Alina Percea is not the first woman in the world to sell her virginity for cash. She's just the latest to do it and tell the media.
The eighteen-year-old Romanian student placed an ad on a German dating site offering her "first time" to the highest bidder. The ad said, "I am a 108lbs, 5ft 6in tall, brown-eyed Romanian girl. I don't smoke and own a certificate from a gynecologist which says I'm a virgin. I want my first time to be special and not very abrupt. I want to meet a gentle, respectful and generous man."
Yeah, abruptness. That old life-ruiner, abruptness, eh? I mean, sex with a stranger, sex for money, sure, but when I ponder abruptness my skin crawls. Doesn't yours?
"The Romanian had hoped to raise as much as £50,000 through the controversial sale," the Daily Mail tells us. She ended up getting £8,800. The winner was a 45-year-old Italian businessman who, after learning that he'd won, flew Percea to Venice. She described to reporters how, at the arrivals lounge, he smilingly handed her a box of chocolates, looked young for his age and was nicely dressed. "The two went sightseeing," the Daily Mail continues, "then to a five-star hotel where they had unprotected sex." Percea had "promised in her auction pitch that she would bring documentation proving she was a virgin, and said she would agree to forgo the use of condoms on the condition the winning bidder provided her with certificates proving he was free from STIs."
The student, who subsequently took a morning-after pill, told reporters: "I was attracted to him, so I enjoyed it, even though it was quite painful."
She didn't make nearly as much money as she wanted to: "I hoped I'd be able to have an apartment in town. But now I will live with my parents while I go to university." I wonder what her parents think about this auction thing.
I wonder what I think about it too. I turn the story around and around and like a Magic 8-Ball, it conveys a different message every time. I think: This is basically sex work glamorized with "gentle" and "respectful," sightseeing and candy. Then I think: What's wrong with sex work? Then I think: Nothing, if she's her own boss. But...

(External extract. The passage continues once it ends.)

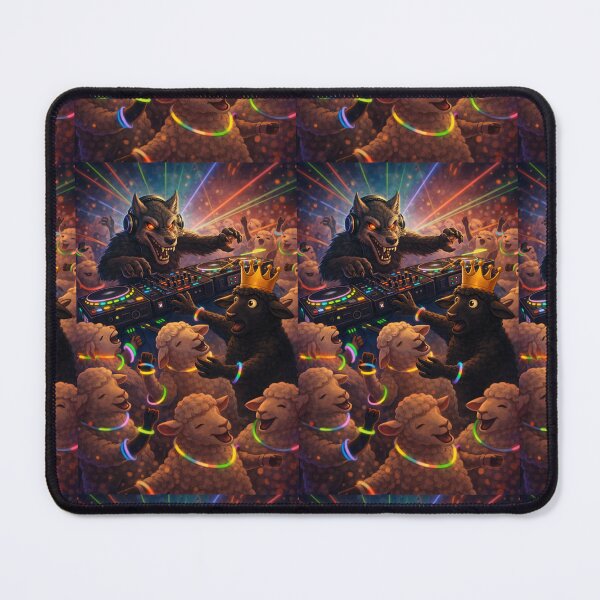 Item preview, Wolf DJ and Party Sheep - Animal Rave Fantasy Illustration with Crowned Black Sheep designed and sold by ARTGENERATESART.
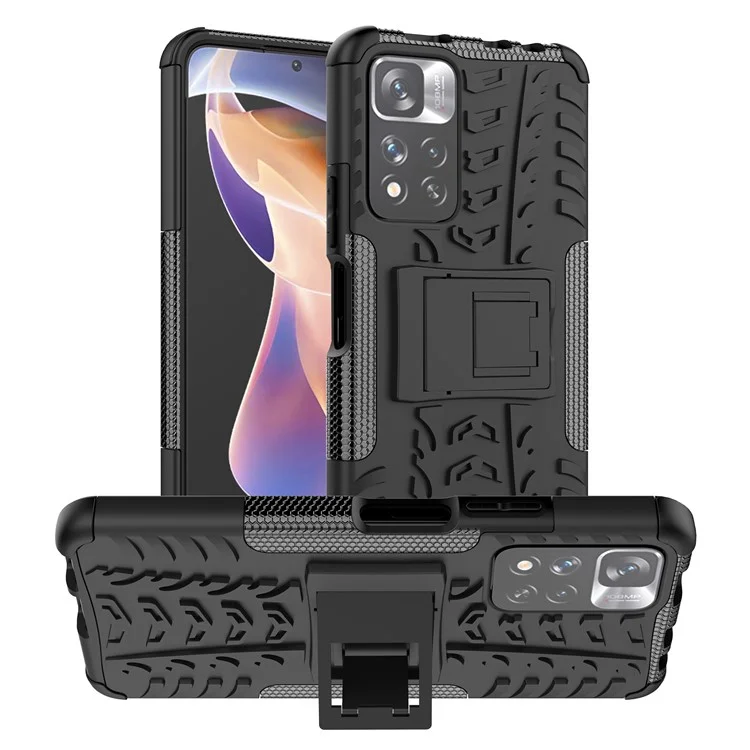 Tire Texture Shock-resistant PC + TPU Combo Dual Layer Protective Back Cover with Kickstand for Xiaomi Redmi Note 11 Pro+ 5G/Redmi Note 11 Pro 5G (China) (MediaTek) - Black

But what? It's not as if we who never sold ours but gave it free to college guys who didn't wash their hair have memories worth treasuring. Were our "firsts" better -- nobler, nicer, more authentic -- than hers because we knew the guys (did we?) and/or because no cash was exchanged? What is sex worth and to whom? As a scavenger, I spend lots of time thinking of money and how not to spend it. How did Percea decide she was worth £50,000? That's around US $100,000, and see? I said she was worth when she wasn't selling her whole self, body and soul. She was selling one act, once. Still, £50,000? At her age, I had incredibly low self-esteem. Whatever price I would have put on myself, way back when, would have been more telling, and more wretched, than free.
If Percea wanted £50,000 and got just £8,800, would I have sought $100 and got $17.60?

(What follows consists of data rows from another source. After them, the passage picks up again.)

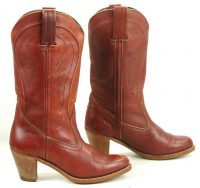 Dexter Burgundy Leather Western Cowboy Boots Vintage US Made Hi Heels Womens (6)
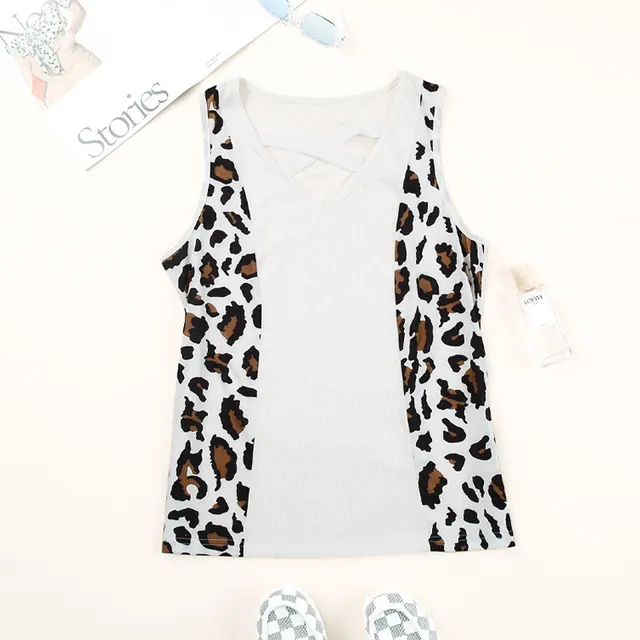 European And American Vest Outer Wear Top Women's Summer New Leopard Print Printed V neck Sleeveless Vest Women's Leopard Print - Shop at LoveMi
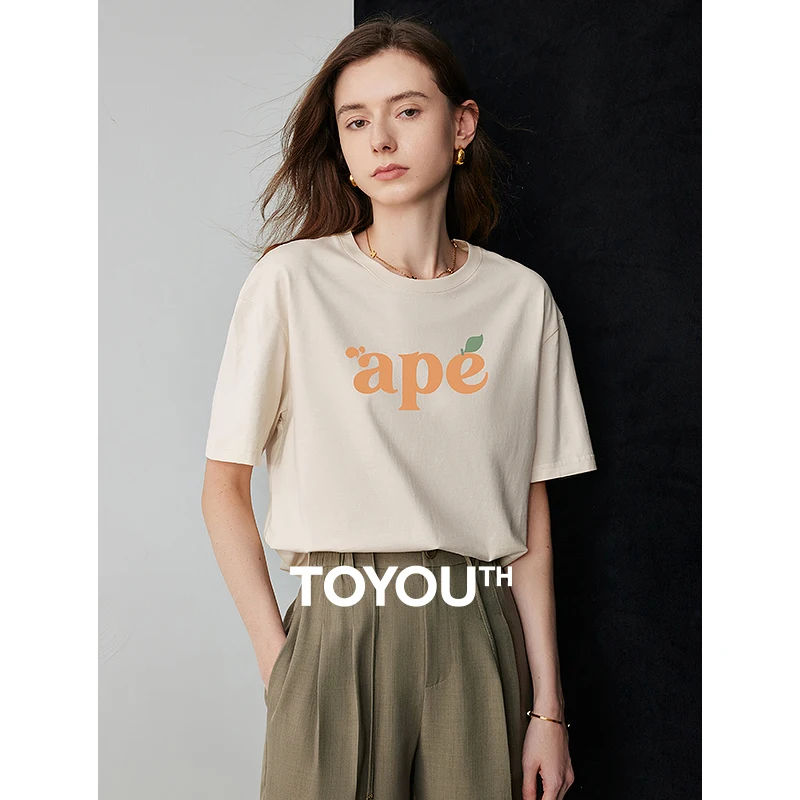 Toyouth Women T-Shirt 2024 Zomer Nieuwe Off Shoulder Losse Katoenen Korte Mouw Casual Letter Tops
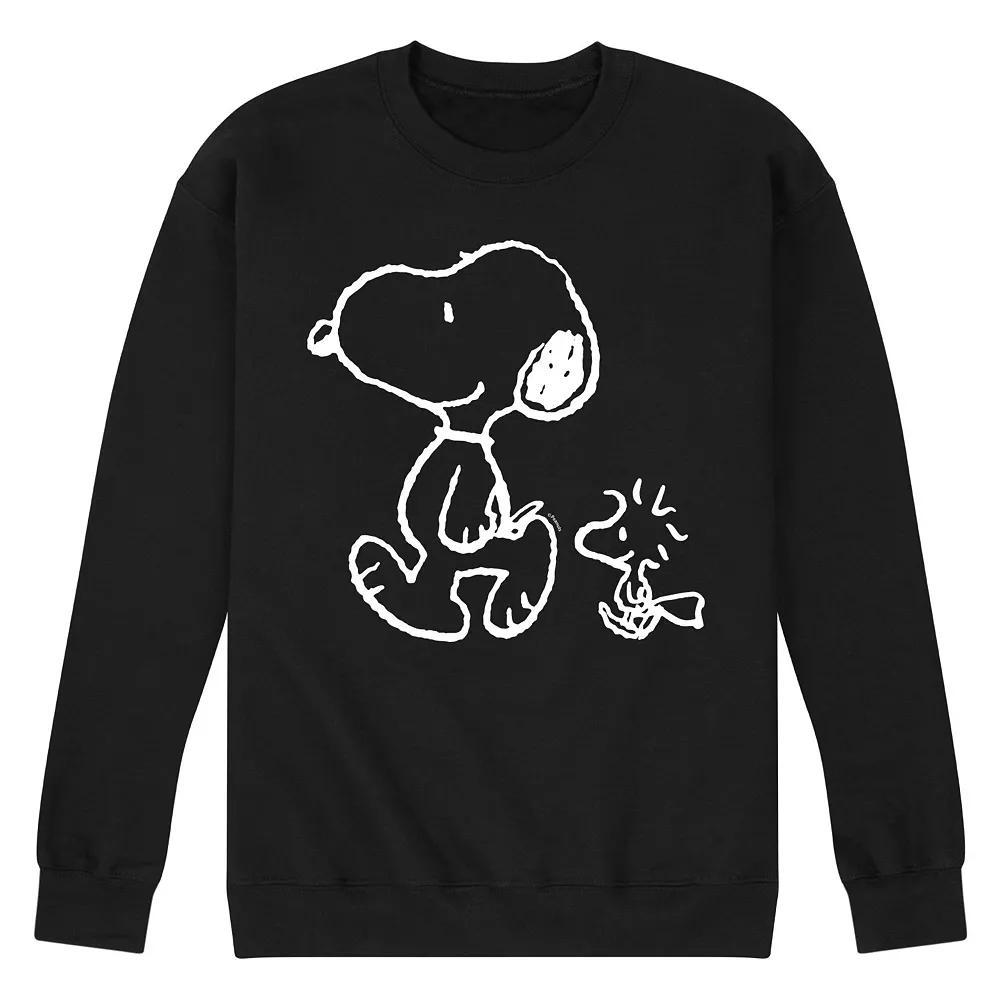 Mens Peanuts Snoopy Woodstock Fleece Sweatshirt Pink Product Image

The Magic 8-Ball asks: Oh, so you envy her? Is that it?
I think the specter of envy haunts the dialogue whenever these stories appear. This past year, other young women around the world have posted similar sell-my-virginity campaigns. We're horrified. We're morally outraged. We wrestle thoughts about fame and the media. We yearn to pull these young women aside and whisper: Wait. Someone special is out there for you -- maybe." Then, realizing that we are marveling at this novel idea for making college bucks, we shock ourselves and want to kick ourselves, ashamed, around the block.
Among many young women, the general attitude about virginity is "How can I get rid of it?" An urgency, but not the looking-forward-to-it kind of urgency. Rather, the kind of urgency one feels awaiting root canals. This has been true since the late '70s at least.
In postmodern society, we mock initiation rites. Our ancestors took them for granted. Approaching each new stage of life, our ancestors prepared to undergo ordeals and ceremonies marking them as changed. Each time, our ancestors might have been a bit scared, yet surely they took comfort in the solidarity of knowing all their peers and elders went through the exact same rites -- with the exact same scriptures, drama, dances and pain that rendered the passage sacred. Today we mock such rituals as backward and dogmatic.
But are Alina Percea and her ilk reinventing it, accidentally-on-purpose? Is the online virginity auction the initiation rite of a new age?